WHAT TO WORK ON:
Print the data that follows word for word, leaving out any picture.

**** DATA BLOCK

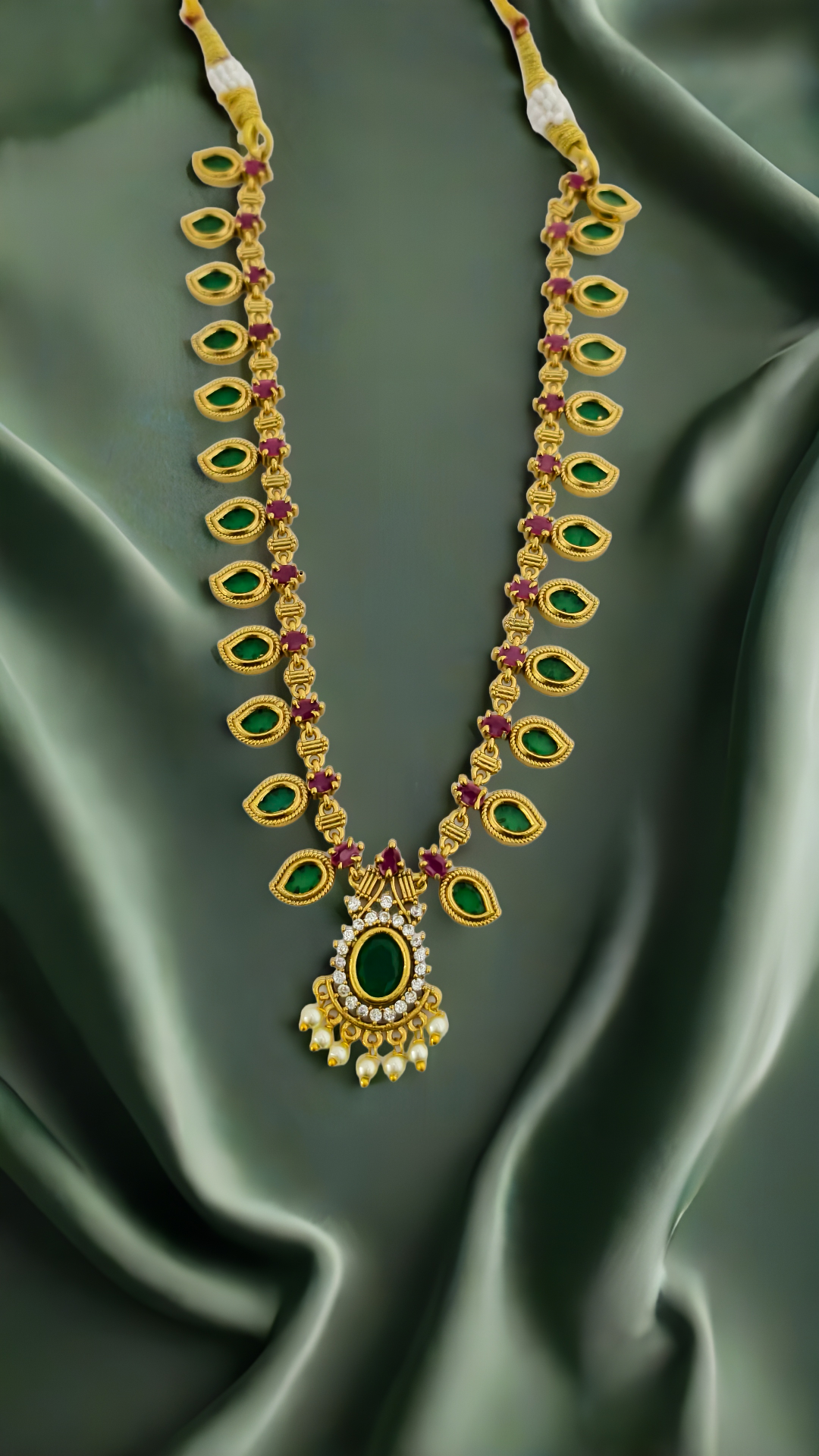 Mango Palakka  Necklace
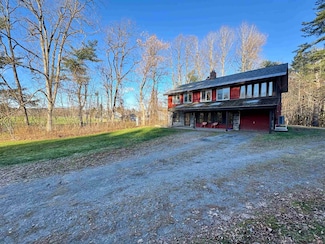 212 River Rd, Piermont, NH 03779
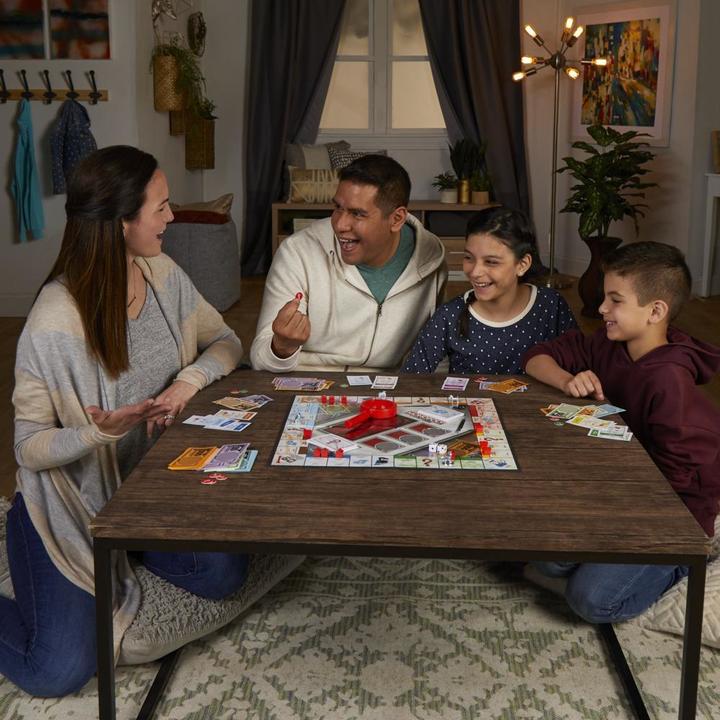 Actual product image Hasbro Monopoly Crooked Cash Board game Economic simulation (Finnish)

********

ANSWER SPACE:
 Mango Palakka  Necklace
 212 River Rd, Piermont, NH 03779
 Actual product image Hasbro Monopoly Crooked Cash Board game Economic simulation (Finnish)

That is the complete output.